The Commission has stipulated that effective January 1, 2026, no PoS operator will be permitted to conduct business without CAC registration. Security agencies are tasked with enforcing this directive nationwide, and unregistered terminals will be subject to seizure or shutdown. The CAC has characterized the surge in unregistered operators as a violation of both the Companies and Allied Matters Act 2020 and CBN Agent Banking Regulations, highlighting the risks posed to citizens' investments.
Previous Enforcement Attempts and Industry Resistance
This marks the CAC's second significant effort to enforce registration requirements on PoS operators. In May 2024, the CAC issued a directive requiring agents under fintech platforms to register by July 7, 2024. This deadline was later extended to September 5, 2024, with explicit threats of prosecution and business closure for non-compliance.

However, that enforcement initiative encountered resistance from the Association of Mobile Money and Bank Agents in Nigeria, which contended that the registration requirement conflicted with provisions in the 2004 Companies and Allied Matters Act.
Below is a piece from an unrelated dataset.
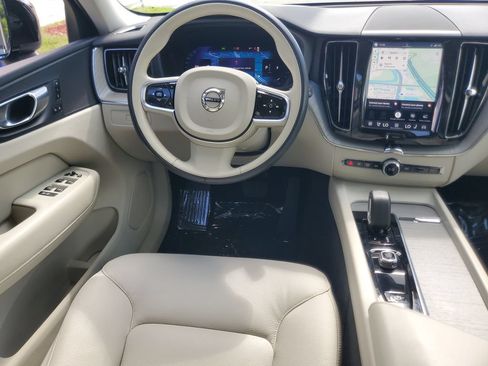 Certified 2024 Volvo XC60 B5 Plus AWD/4WD image 15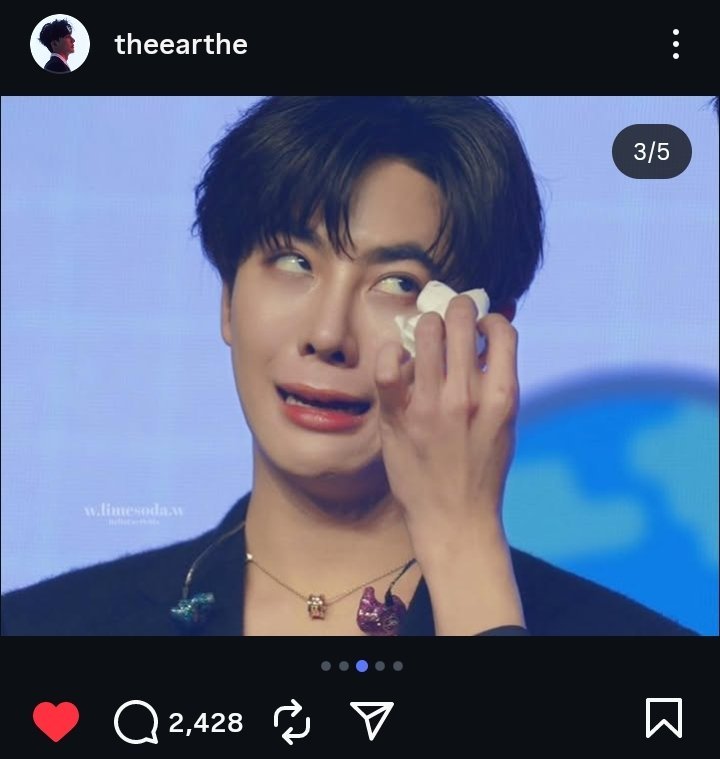yapnilsc's tweet photo. not earth continuing to ragebait mix by posting pics he absolutely not prepared for 😭 remember when earth did this during their fanmeet in hong kong, where mix made a funny face while crying and earth just decided to post those pictures anyway https://t.co/pVbGQSIUYW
This dispute led to legal action, with court hearings scheduled for September.
CBN's Expanding Regulatory Framework for PoS Operations
The threat to report non-compliant fintech firms to the CBN carries substantial weight, considering the existing regulatory pressures on the sector. In August 2025, the CBN implemented restrictions mandating that all PoS terminals operate within a 10-meter radius of their registered addresses, a measure aimed at combating fraud and enhancing oversight. The apex bank's data revealed that PoS channels accounted for 26.37 percent of all fraud incidents in 2023.
More recently, in October 2025, the CBN issued comprehensive new agent banking guidelines that will compel PoS operators to establish exclusive relationships with a single principal institution by April 1, 2026. These new rules prohibit agents from operating terminals for multiple fintech platforms concurrently, a practice that has enabled operators to maximize transaction volumes. The CAC has reiterated the mandatory nature of compliance, although the Commission has not specified the additional penalties the apex bank might impose.